◆ **Exercise directions**
From the entries below, copy out every line with "about" in it.

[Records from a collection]
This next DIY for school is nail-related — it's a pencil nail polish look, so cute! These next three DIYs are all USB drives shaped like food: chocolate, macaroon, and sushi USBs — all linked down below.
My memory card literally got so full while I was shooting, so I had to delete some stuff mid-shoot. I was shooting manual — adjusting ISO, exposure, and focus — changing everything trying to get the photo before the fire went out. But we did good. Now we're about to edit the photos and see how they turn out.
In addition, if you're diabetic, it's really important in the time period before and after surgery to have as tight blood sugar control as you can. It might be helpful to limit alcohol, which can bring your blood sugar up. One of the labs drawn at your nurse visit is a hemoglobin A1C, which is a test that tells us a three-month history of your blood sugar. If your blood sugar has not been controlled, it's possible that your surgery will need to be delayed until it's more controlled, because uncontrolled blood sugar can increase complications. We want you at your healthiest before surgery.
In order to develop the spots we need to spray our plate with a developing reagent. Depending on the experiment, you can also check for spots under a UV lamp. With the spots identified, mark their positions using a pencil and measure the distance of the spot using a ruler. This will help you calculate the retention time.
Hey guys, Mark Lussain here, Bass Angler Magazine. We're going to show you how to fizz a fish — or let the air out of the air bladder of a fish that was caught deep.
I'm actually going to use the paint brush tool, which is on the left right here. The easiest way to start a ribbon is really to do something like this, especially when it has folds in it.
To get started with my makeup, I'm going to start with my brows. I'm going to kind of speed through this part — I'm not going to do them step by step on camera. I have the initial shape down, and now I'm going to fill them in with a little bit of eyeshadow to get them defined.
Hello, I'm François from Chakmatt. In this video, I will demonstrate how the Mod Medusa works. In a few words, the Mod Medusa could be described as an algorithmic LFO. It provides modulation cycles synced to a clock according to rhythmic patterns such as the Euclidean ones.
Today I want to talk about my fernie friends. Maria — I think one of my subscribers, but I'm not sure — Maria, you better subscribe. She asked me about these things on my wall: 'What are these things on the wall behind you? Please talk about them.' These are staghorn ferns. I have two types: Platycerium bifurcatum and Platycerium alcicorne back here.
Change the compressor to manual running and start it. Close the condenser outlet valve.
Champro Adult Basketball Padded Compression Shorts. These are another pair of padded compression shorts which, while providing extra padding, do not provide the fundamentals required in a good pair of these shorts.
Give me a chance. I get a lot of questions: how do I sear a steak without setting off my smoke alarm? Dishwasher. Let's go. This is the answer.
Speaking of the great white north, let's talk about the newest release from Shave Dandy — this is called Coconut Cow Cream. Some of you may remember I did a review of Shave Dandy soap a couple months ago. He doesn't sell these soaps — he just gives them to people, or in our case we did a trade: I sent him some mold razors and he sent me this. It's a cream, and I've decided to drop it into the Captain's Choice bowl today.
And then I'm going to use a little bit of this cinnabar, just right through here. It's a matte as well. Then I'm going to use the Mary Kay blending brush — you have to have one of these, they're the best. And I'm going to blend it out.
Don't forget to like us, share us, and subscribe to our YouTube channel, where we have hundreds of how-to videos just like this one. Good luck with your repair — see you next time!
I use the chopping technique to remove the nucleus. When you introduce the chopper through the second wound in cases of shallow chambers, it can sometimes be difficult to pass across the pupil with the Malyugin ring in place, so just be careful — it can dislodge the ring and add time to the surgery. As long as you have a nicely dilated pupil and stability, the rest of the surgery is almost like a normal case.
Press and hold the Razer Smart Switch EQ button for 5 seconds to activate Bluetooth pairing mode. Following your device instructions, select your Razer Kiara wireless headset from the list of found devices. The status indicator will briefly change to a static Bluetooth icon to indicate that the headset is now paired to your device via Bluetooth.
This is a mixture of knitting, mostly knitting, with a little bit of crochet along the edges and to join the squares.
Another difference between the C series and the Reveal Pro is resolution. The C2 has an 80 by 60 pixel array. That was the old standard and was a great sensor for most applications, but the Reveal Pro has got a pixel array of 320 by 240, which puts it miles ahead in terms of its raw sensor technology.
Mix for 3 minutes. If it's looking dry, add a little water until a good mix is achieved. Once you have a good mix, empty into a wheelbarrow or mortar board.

◆ **Answer**
My memory card literally got so full while I was shooting, so I had to delete some stuff mid-shoot. I was shooting manual — adjusting ISO, exposure, and focus — changing everything trying to get the photo before the fire went out. But we did good. Now we're about to edit the photos and see how they turn out.
Today I want to talk about my fernie friends. Maria — I think one of my subscribers, but I'm not sure — Maria, you better subscribe. She asked me about these things on my wall: 'What are these things on the wall behind you? Please talk about them.' These are staghorn ferns. I have two types: Platycerium bifurcatum and Platycerium alcicorne back here.
Speaking of the great white north, let's talk about the newest release from Shave Dandy — this is called Coconut Cow Cream. Some of you may remember I did a review of Shave Dandy soap a couple months ago. He doesn't sell these soaps — he just gives them to people, or in our case we did a trade: I sent him some mold razors and he sent me this. It's a cream, and I've decided to drop it into the Captain's Choice bowl today.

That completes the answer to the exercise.